TDAmeritrade / stumpy

STUMPY is a powerful and scalable Python library for modern time series analysis
https://stumpy.readthedocs.io/en/latest/
Other
3.66k stars 319 forks source link

Add Tutorial(s) that Reproduce "100 Time Series Data Mining Questions" PDF #107

Open seanlaw opened 4 years ago

seanlaw commented 4 years ago

On the UCR Matrix Profile site, they have a growing list of time series questions that can be solved by computing the matrix profile. The PDF can be found here and the corresponding code/data is here.

It would be interesting to begin compiling a STUMPY examples that reproduces the solutions to those questions below (including data sources).

Additionally, there is this other paper titled "Ten Useful Things you can do with the Matrix Profile and Ten Lines of Code" that might be worth reproducing

seanlaw commented 4 years ago

1. Have we ever seen a pattern that looks just like this?

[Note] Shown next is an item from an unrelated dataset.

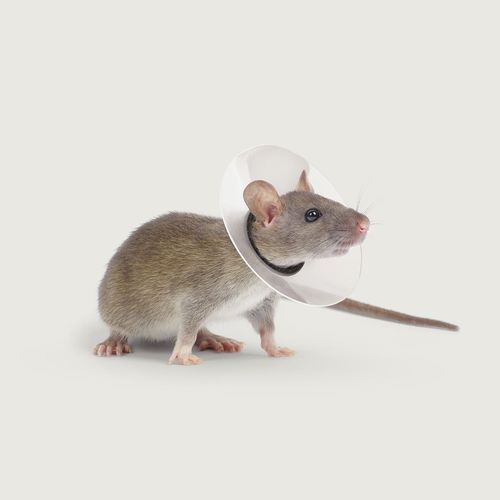 Collare veterinario trasparente - Saf-T-Shield™ - KVP EU Ltd - per roditori / con chiusura Velcro® / in polietilene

The AIBO Robot Dog Data can be found here

import urllib
import ssl
import io
import os
import pandas as pd
import stumpy
import numpy as np

context = ssl.SSLContext()  # Ignore SSL certificate verification for simplicity

T_url = 'https://www.cs.unm.edu/~mueen/robot_dog.txt'
T_raw_bytes = urllib.request.urlopen(T_url, context=context).read()
T_data = io.BytesIO(T_raw_bytes)

Q_url = 'https://www.cs.unm.edu/~mueen/carpet_query.txt'
Q_raw_bytes = urllib.request.urlopen(Q_url, context=context).read()
Q_data = io.BytesIO(Q_raw_bytes)

T_df = pd.read_csv(T_data, header=None, sep='\s+', names=['walking'])
Q_df = pd.read_csv(Q_data, header=None, sep='\s+', names=['walking'])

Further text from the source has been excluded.